Au cours du débat, Donald Trump a repris l'accusation mensongère de son camp selon laquelle des migrants haïtiens mangent « des chats et des chiens » dans une ville de l'Ohio (nord-est). Il s'est fait reprendre par les deux journalistes d'ABC, qui ont corrigé certaines déclarations du républicain, ce que n'avaient pas fait leurs confrères de CNN en juin lors du débat entre Donald Trump et Joe Biden, lequel avait tourné au désastre pour le démocrate.
Les échanges ont été tendus par ailleurs sur la politique étrangère, ainsi quand la vice-présidente a assuré que le président russe Vladimir Poutine ne « ferait qu'une bouchée » de Donald Trump, qu'elle a décrit comme un dirigeant que les « dictateurs » sauraient « manipuler ». « Si elle devient présidente, je crois qu'Israël n'existera plus d'ici deux ans », a pour sa part accusé l'ancien président.

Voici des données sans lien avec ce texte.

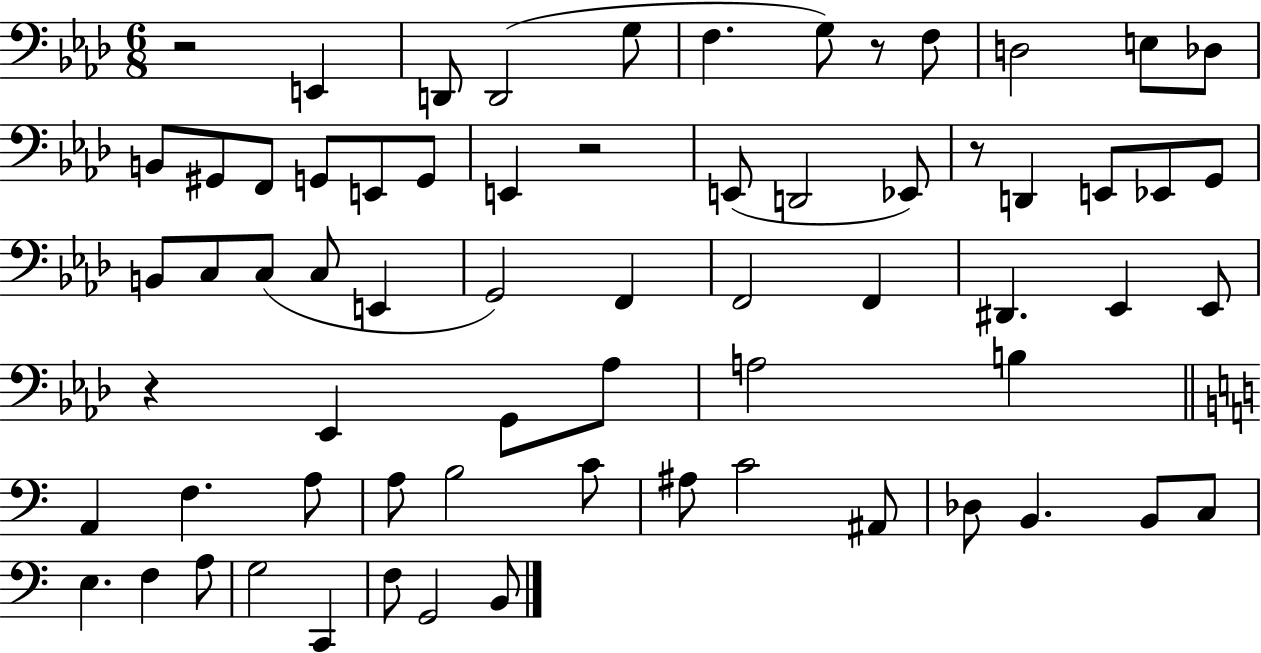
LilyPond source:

{
  \clef bass
  \numericTimeSignature
  \time 6/8
  \key aes \major
  r2 e,4 | d,8 d,2( g8 | f4. g8) r8 f8 | d2 e8 des8 | \break b,8 gis,8 f,8 g,8 e,8 g,8 | e,4 r2 | e,8( d,2 ees,8) | r8 d,4 e,8 ees,8 g,8 | \break b,8 c8 c8( c8 e,4 | g,2) f,4 | f,2 f,4 | dis,4. ees,4 ees,8 | \break r4 ees,4 g,8 aes8 | a2 b4 | \bar "||" \break \key c \major a,4 f4. a8 | a8 b2 c'8 | ais8 c'2 ais,8 | des8 b,4. b,8 c8 | \break e4. f4 a8 | g2 c,4 | f8 g,2 b,8 | \bar "|."
}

De nombreuses oppositions sur les thèmes économiques
Du côté de l'économie, le candidat républicain a reproché à Kamala Harris d'avoir « copié » le programme économique du président Joe Biden. Les deux candidats se sont également accusés mutuellement soit d'avoir « vendu » le pays soit d'avoir détruit l'économie.

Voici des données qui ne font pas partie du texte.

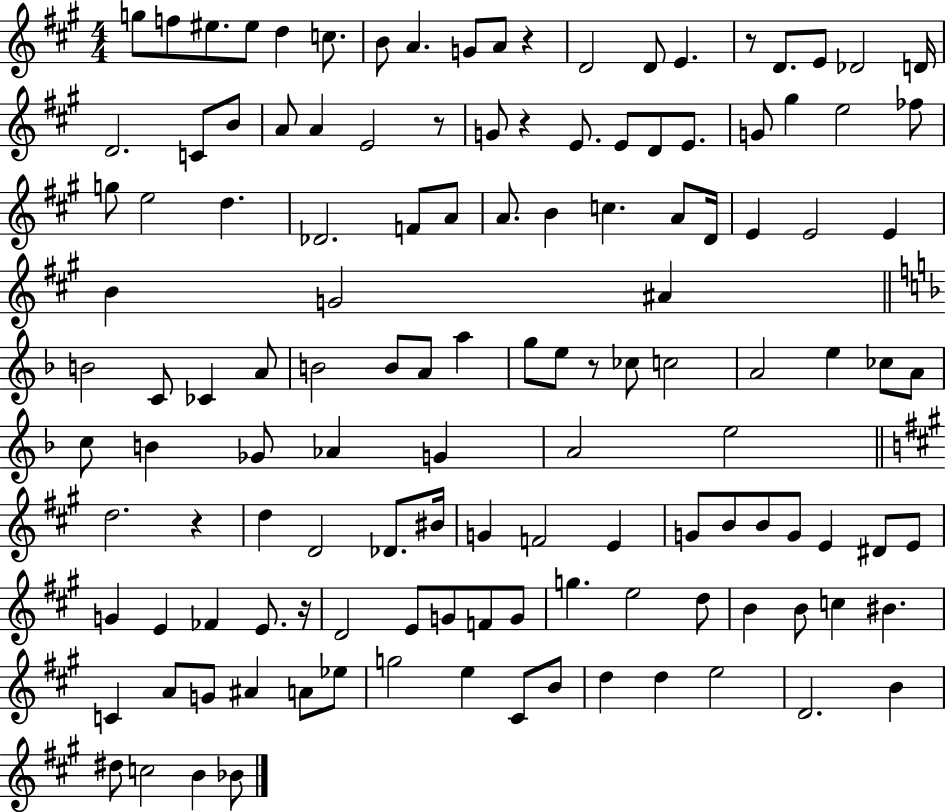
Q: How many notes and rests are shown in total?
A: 129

« Il a vendu des semiconducteurs américains à la Chine pour les aider à améliorer et moderniser leur armée », a accusé la vice-présidente démocrate. « Il nous a grosso modo vendu alors qu'une politique vis-à-vis de la Chine devrait s'assurer que les Etats-Unis remporteront la compétition du XXIe siècle ».
Pouvoir d'achat, inflation ou position de la démocrate sur le gaz et le pétrole de schiste, les sujets d'affrontement n'ont pas manqué. Faisant référence à la hausse des droits de douane mise en place durant son mandat par Trump, Harris a estimé qu'il avait « lancé des guerres économiques », tant avec la Chine que l'Union européenne. Quant à la proposition du républicain d'imposer 10% à 20% de droits de douane sur l'ensemble des importations, la démocrate y a vu un « impôt sur la consommation », qui pèsera au final sur le consommateur américain.
L'ancien président a cependant répliqué en soulignant que le président démocrate sortant, Joe Biden, avait conservé les droits de douane qu'il avait mis en place sur un certain nombre de produits chinois. Il a surtout attaqué Kamala Harris sur la question du gaz et du pétrole de schiste, un sujet sensible en Pennsylvanie où avait lieu le débat, assurant qu'« elle n'autorisera plus jamais » la fracturation hydraulique dans cet Etat. La candidate démocrate a rappelé mardi qu'elle avait assuré dès 2020 qu'elle ne l'interdirait pas, et qu'elle n'avais pas poussé en ce sens en tant que vice-présidente.
Donald Trump a également accusé le gouvernement actuel d'avoir détruit l'économie américaine, prenant pour exemple la forte inflation observée, en particulier en 2022 et 2023. D'autant que l'économie est considérée comme le principal sujet par les électeurs, selon une enquête réalisée début septembre par Siena pour le New York Times. Mais « tout ce que nous avons fait est réparer le désordre laissé par Donald Trump », a assuré Harris, rappelant notamment « le pire taux de chômage depuis la Grande Dépression ». En quittant la scène, Donald Trump et Kamala Harris ne se sont, cette fois, pas serré la main.
Taylor Swift annonce soutenir Kamala Harris à l'élection présidentielle
La mégastar de la pop américaine Taylor Swift a annoncé sur Instagram mardi, à l'issue du débat entre Donald Trump et Kamala Harris, qu'elle voterait pour la candidate démocrate lors de l'élection présidentielle car « elle se bat pour les causes et les droits auxquels je crois ».
« En tant qu'électrice, je fais en sorte de regarder et lire tout ce que je peux sur les politiques et les programmes pour le pays » des deux candidats, a expliqué la chanteuse, ajoutant au sujet de Kamala Harris: « Je pense qu'elle est une dirigeante douée et solide ». Sa publication a récolté plus d'un million de mentions « J'aime » en moins de 15 minutes.